黒髪のボブカットとエメラルドグリーンの瞳が

戻っていた。


擬態は解かれ

レイチェルは再び今の〝自分〟に戻る。


(⋯⋯三十分。

それ以上擬態すると──

私は〝私〟でなくなってしまう)


擬態の限界は、経験と感覚で知っている。


だからこそ

迷いなく、冷静に引き際を見極めた。


「⋯⋯ほぉ。

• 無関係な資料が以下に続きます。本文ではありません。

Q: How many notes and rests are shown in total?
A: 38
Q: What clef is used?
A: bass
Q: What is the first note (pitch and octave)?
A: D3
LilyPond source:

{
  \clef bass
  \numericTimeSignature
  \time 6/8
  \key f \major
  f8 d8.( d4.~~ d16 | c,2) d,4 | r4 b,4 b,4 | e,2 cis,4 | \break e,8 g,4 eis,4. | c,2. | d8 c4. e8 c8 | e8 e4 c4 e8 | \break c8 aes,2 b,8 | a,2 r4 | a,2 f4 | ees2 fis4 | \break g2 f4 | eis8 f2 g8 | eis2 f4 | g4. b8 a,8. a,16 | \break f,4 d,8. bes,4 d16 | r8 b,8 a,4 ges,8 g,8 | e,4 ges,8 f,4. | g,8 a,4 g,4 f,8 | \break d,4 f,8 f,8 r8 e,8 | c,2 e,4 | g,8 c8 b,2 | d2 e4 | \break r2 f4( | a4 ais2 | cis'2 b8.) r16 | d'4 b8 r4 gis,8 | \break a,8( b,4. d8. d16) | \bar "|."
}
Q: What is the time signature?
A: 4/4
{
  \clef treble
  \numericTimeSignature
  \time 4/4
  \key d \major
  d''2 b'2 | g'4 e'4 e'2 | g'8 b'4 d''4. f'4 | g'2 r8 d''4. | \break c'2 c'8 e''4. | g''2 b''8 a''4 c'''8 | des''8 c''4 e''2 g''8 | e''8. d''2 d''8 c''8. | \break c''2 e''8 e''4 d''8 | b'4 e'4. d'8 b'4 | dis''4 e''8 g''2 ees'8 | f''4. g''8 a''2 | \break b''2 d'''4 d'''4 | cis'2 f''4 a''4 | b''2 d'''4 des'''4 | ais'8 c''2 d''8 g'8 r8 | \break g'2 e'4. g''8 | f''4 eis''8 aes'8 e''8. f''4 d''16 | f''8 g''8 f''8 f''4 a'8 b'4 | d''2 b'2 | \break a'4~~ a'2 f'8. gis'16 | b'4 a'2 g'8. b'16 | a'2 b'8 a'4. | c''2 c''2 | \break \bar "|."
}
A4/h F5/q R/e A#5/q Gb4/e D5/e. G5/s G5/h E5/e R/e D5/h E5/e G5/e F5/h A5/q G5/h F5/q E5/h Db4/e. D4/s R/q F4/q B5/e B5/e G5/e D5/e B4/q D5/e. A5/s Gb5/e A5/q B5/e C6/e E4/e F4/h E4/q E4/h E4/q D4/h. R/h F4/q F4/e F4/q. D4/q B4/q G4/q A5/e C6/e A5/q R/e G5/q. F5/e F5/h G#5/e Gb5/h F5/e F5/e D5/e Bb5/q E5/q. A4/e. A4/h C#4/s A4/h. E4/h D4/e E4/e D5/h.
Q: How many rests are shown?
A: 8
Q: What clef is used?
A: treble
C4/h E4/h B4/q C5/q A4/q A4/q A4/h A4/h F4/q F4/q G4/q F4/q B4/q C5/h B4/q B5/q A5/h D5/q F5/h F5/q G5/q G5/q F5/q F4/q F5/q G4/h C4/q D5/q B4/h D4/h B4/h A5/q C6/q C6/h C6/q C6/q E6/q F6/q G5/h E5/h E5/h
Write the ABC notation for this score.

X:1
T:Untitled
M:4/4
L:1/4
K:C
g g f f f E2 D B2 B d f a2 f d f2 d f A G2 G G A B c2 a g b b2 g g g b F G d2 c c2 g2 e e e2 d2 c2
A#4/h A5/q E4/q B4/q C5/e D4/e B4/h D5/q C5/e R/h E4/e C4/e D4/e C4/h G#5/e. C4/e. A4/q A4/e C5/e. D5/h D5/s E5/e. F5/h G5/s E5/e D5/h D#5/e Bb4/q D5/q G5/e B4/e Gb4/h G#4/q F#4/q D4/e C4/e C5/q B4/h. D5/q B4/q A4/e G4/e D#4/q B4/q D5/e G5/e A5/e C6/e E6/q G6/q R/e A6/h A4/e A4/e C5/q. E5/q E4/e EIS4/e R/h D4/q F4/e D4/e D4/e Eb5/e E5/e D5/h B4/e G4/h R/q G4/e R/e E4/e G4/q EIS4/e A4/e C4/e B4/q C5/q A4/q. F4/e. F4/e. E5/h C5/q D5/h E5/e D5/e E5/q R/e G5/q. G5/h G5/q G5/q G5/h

嬢ちゃん、やるな」


ソーレンが、驚きを隠さない声で呟いた。


初めて見た擬態能力。

だが、拒絶も困惑もなかった。


(⋯⋯こんなにも

あっさり受け入れられるなんて)


レイチェルの心が、ふわりと軽くなっていた。


「ふふ!

私は、嬢ちゃんだなんて名前じゃないですよ!」


言いながら、ぺろりと舌を出す。


「レイチェルです!よろしくお願いしますね!」


しっかりと名乗ったその声には

今までにない自信が宿っていた。


「それに、本当の私は──

貴方よりも、もしかしたら歳上かもですよ?

ソーレン?」


あえて〝さん〟を付けず、親しげに呼ぶ。


その瞬間──


「なっ──!」


ソーレンは明らかに動揺し

耳まで真っ赤に染まっていく。


「⋯⋯⋯ったく。女って⋯⋯めんどくせぇ⋯⋯」


ぷいっと顔を背け

頭をガシガシと搔く仕草が、妙に年若く見えた。


「ふふっ」


つい、声を漏らして笑ってしまう。


(⋯⋯この人、ぶっきらぼうっていうより──

コミュニケーション下手なだけなんだろうな)


そう気付いた時

ふとした親しみが胸に芽生えた。


昨日までの緊張と不安は

もうどこにもなかった。


──確かに今、彼女はここで息をしている。


新たな一日が始まろうとしていた。